人間の内面にある心理の揺れを描いて、映画も本もそれぞれに感動しました。

この作品も人間の内面にあるものが、よく描かれていました。
短編集ということで、5つのお話。

「ありの行列」「ディア・ドクタ-」「満月の代弁者」は、都会の最先端医療の現場でない場所(僻地)での医療に臨む医師たちが描かれていました。

映画化された「ディア・ドクタ-」は、まだ見ていませんが、ここでは、主人公の目線でみた家族の姿が描かれていて、医師を目指しながら、違う道に進ん兄に対する憂いなどが伝わり、切なかった。

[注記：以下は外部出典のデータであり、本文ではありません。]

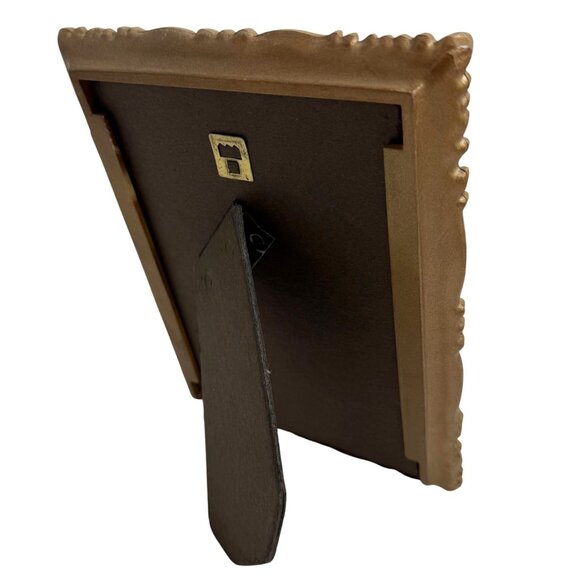 1973 Ornate Gold-Tone 5x7 Photo Frame By IIC MCM Made In USA Hang or Standing - Picture 4 of 7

最初の話「1983年のほたる」は、病院は出てこなかったかな?・・・・^^;
もしかしたら、映画「ディア・ドクタ-」に関わる人物の子ども時代?
主人公の女の子は小学生で、都会じゃない村のなかでいろいろ彼女なりに、考えがあって努力し、自分の道を進んでいく。
高校生になった彼女が生き生きして、かつて自分より高いところに居たような同級生と対等に付き合っている様子は、読んでいて気持ちよかった!

一番個人的に好きなのは「ノミの愛情」、かなり自尊心も高い外科医の夫とナ-スの妻の話。
日常のやり取りもなかなか面白いけど、夫の具合が悪くなり、救急車を呼ぶ呼ばないの問答。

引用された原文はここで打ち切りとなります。